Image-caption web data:
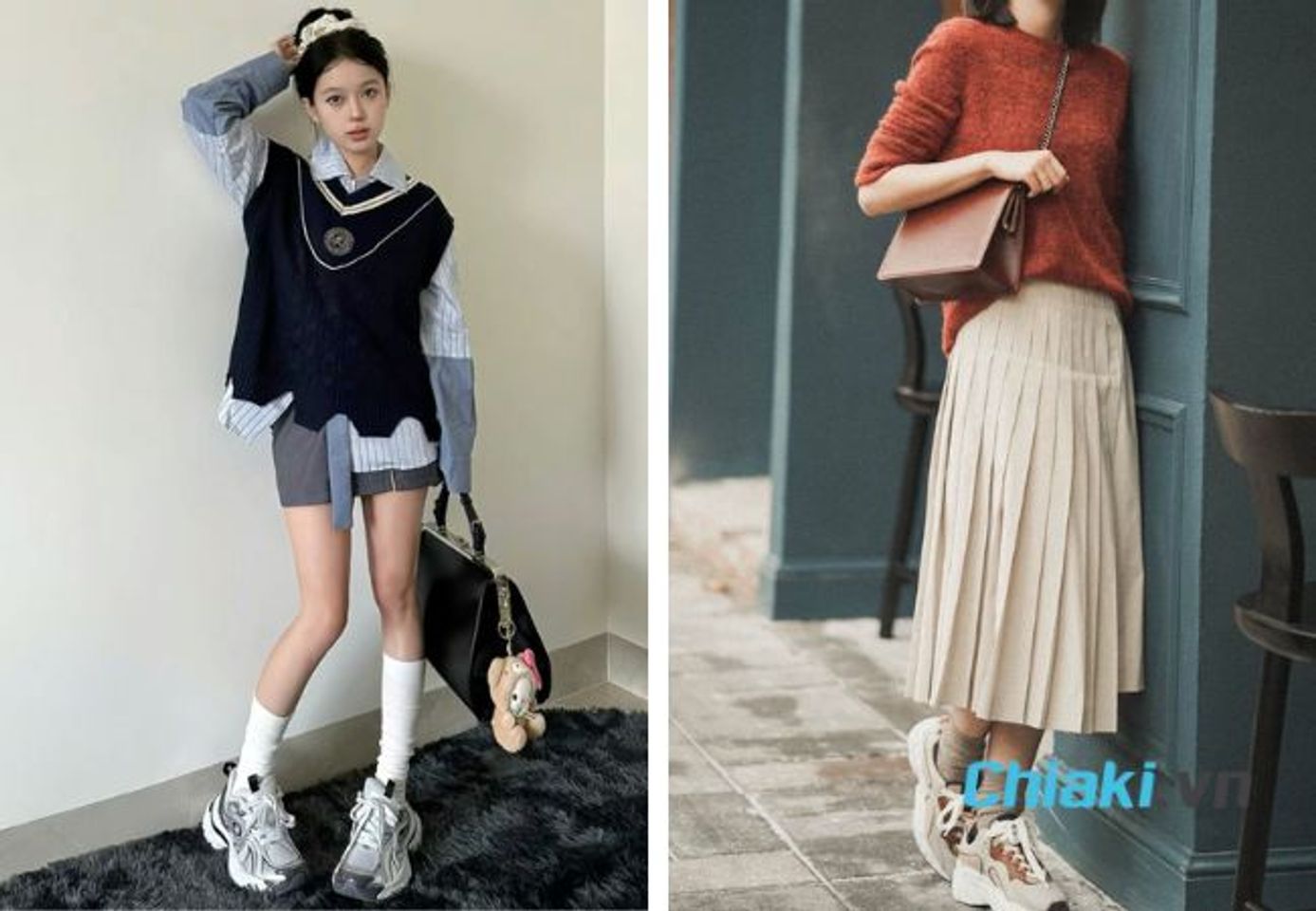 Mix đồ với gi&agrave;y sneaker nữ v&agrave; &aacute;o len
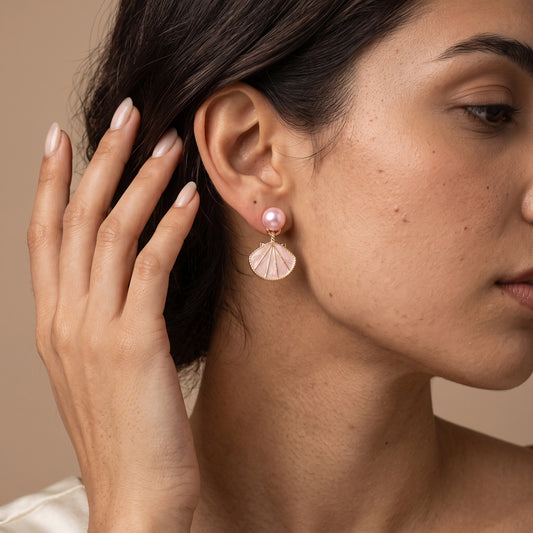 Seashell Blush – Pearl Shell Earrings
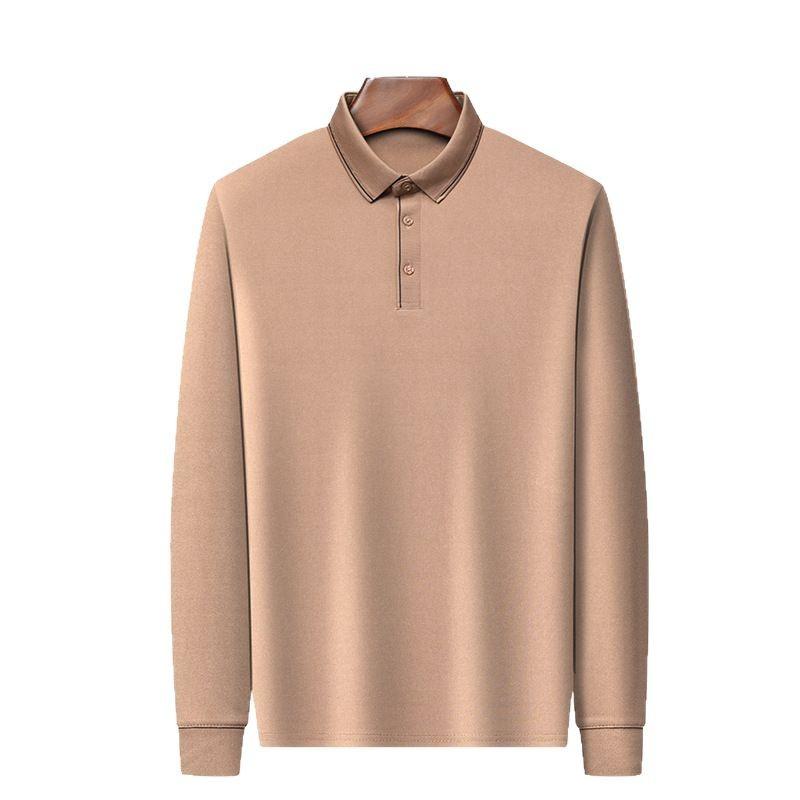 Father's Wear Мужская футболка поло с длинным рукавом средней длины с лацканами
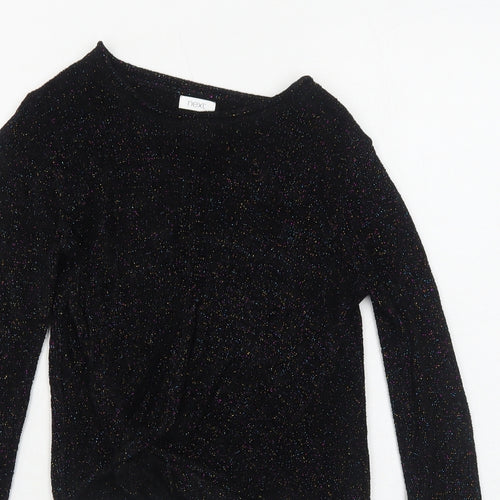 NEXT Girls Black Boat Neck Viscose Pullover Jumper Size 6 Years Pullover - Twist Detail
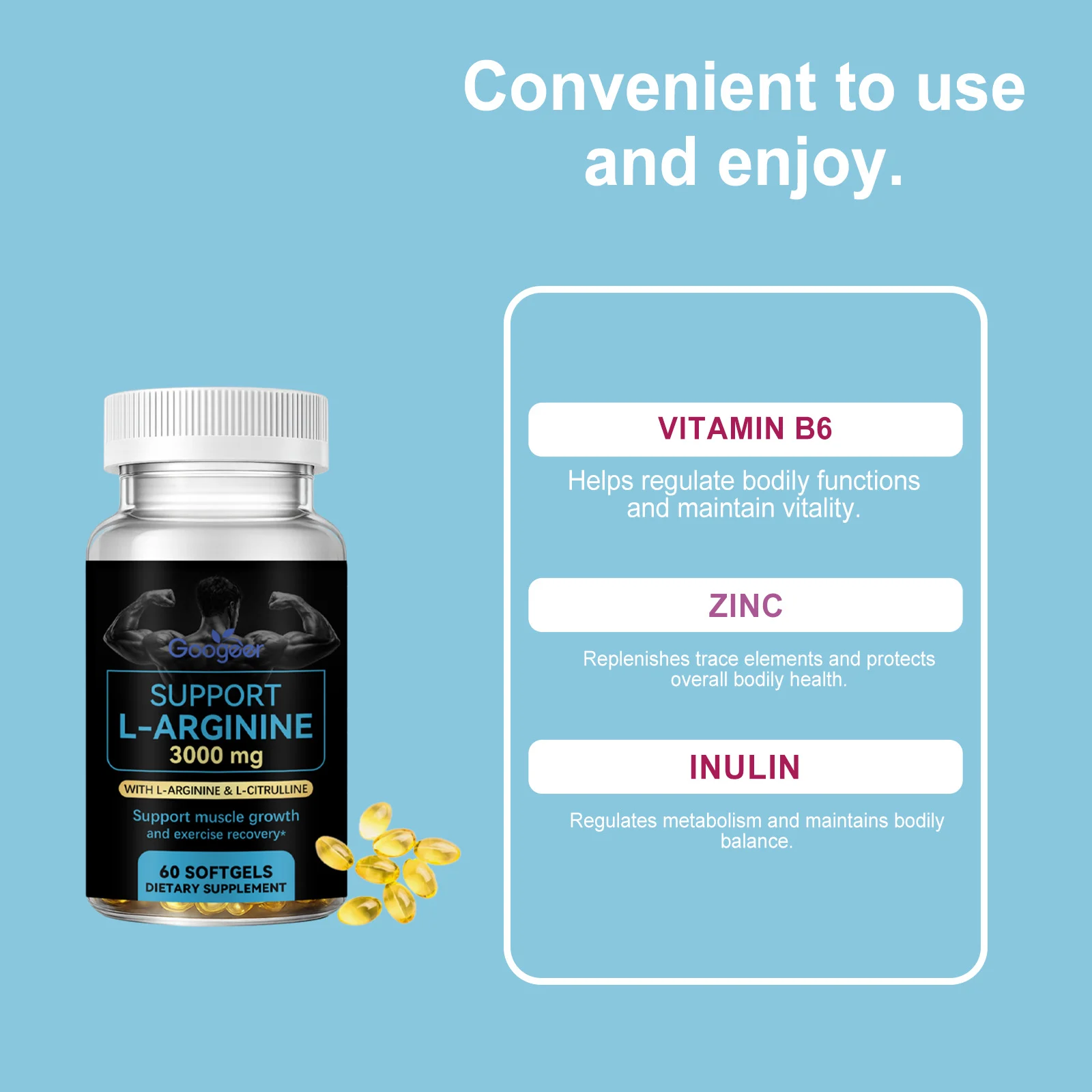 L-Arginine Capsules for Men Muscle Growth and Recovery Support 60 Softgels 8 l arginine capsules men 60 softgels goo vbr4k7km desc 2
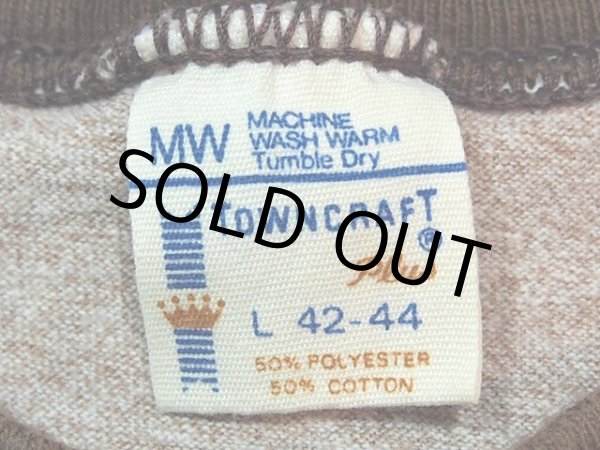 画像4: 1970s【TOWNCRAFT】杢ブラウン無地リンガーTシャツ (4)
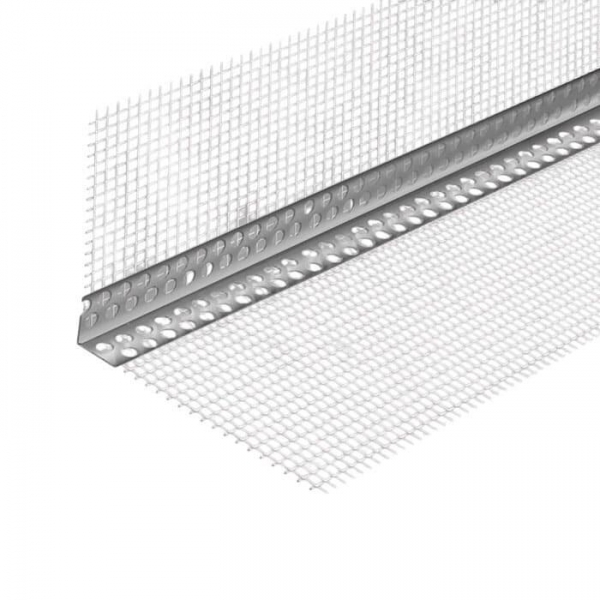 Уголок алюминиевый Profigips с сеткой 0.25 мм 25*25 мм 70*70*3000 мм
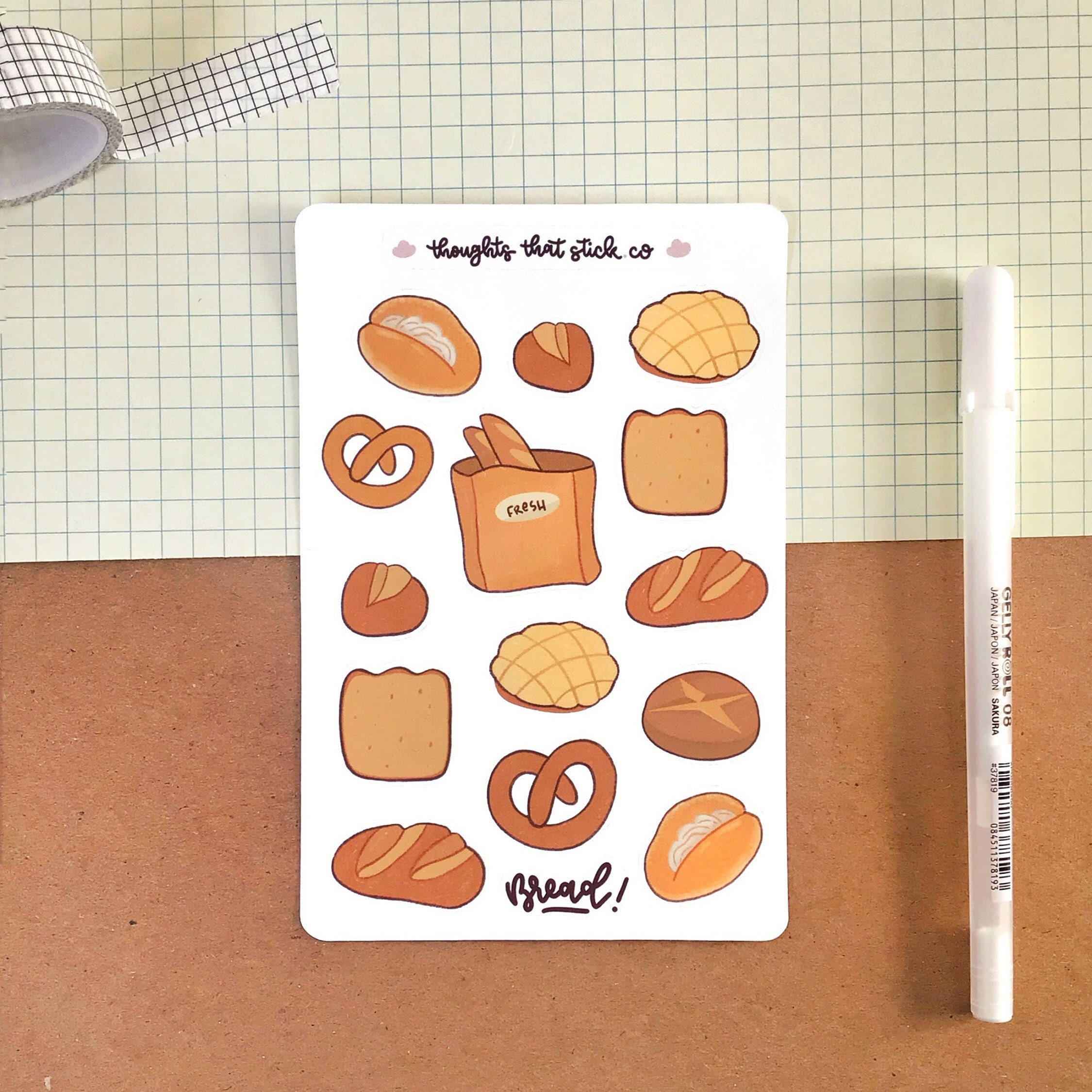 Bread Sticker Sheet Cute Bread Stickers Bakery Food | Etsy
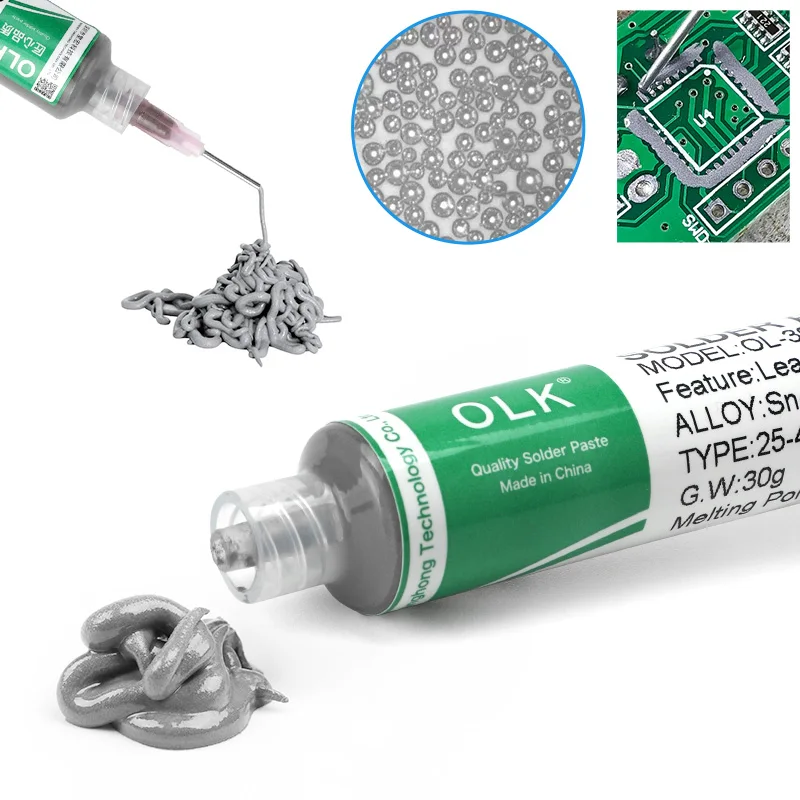 Паяльная паста OLK Sn63Pb37, флюс, бессвинцовая паяльная паста Sn99.3cu0.7, не требующая очистки, широко используется для всех видов пайки. (art.: 3920dc3fd3920) - 3920dc3fd3920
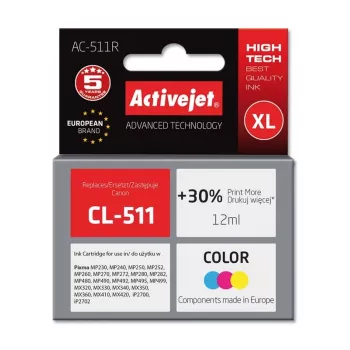 Rašalo kasetė ActiveJet AC-511R suderinama su Canon CL-511, dažų pagrindu pagamintas CMY, didelės (XL) talpos 12 ml, vienkartinė pakuotė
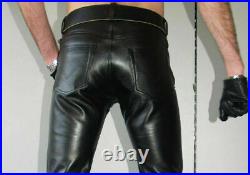 Men's Black Genuine Lambskin Real Leather Casual Jeans Biker Pant ZL-0010
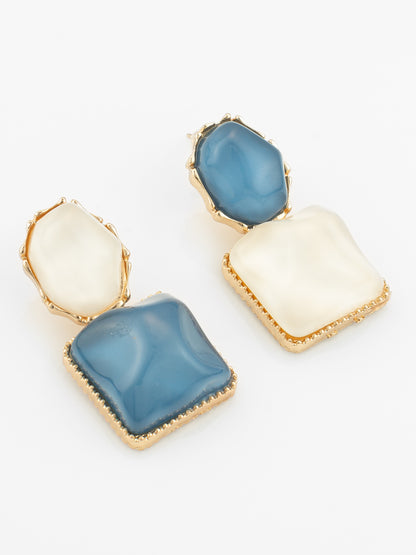 Aadita Gold-Plated Asymmetric Dual-Stone Stud Earrings for Women & Girls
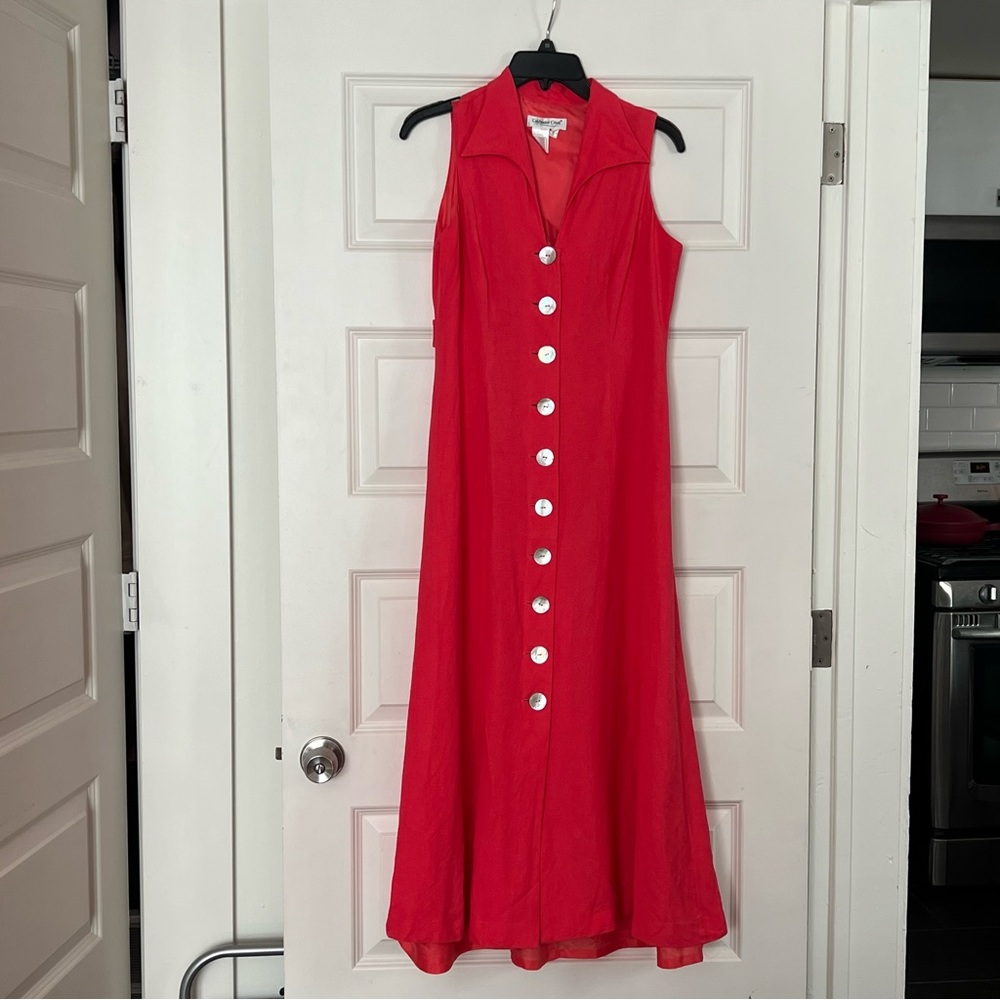 Coldwater Creek Coral Linen Maxi Dress Size 6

- _EXERCISE INSTRUCTIONS_:
Could you print all of the entries exactly, skipping the images?

- _REPLY TO THE EXERCISE_:
 Mix đồ với gi&agrave;y sneaker nữ v&agrave; &aacute;o len
 Seashell Blush – Pearl Shell Earrings
 Father's Wear Мужская футболка поло с длинным рукавом средней длины с лацканами
 NEXT Girls Black Boat Neck Viscose Pullover Jumper Size 6 Years Pullover - Twist Detail
 L-Arginine Capsules for Men Muscle Growth and Recovery Support 60 Softgels 8 l arginine capsules men 60 softgels goo vbr4k7km desc 2
 画像4: 1970s【TOWNCRAFT】杢ブラウン無地リンガーTシャツ (4)
 Уголок алюминиевый Profigips с сеткой 0.25 мм 25*25 мм 70*70*3000 мм
 Bread Sticker Sheet Cute Bread Stickers Bakery Food | Etsy
 Паяльная паста OLK Sn63Pb37, флюс, бессвинцовая паяльная паста Sn99.3cu0.7, не требующая очистки, широко используется для всех видов пайки. (art.: 3920dc3fd3920) - 3920dc3fd3920
 Rašalo kasetė ActiveJet AC-511R suderinama su Canon CL-511, dažų pagrindu pagamintas CMY, didelės (XL) talpos 12 ml, vienkartinė pakuotė
 Men's Black Genuine Lambskin Real Leather Casual Jeans Biker Pant ZL-0010
 Aadita Gold-Plated Asymmetric Dual-Stone Stud Earrings for Women & Girls
 Coldwater Creek Coral Linen Maxi Dress Size 6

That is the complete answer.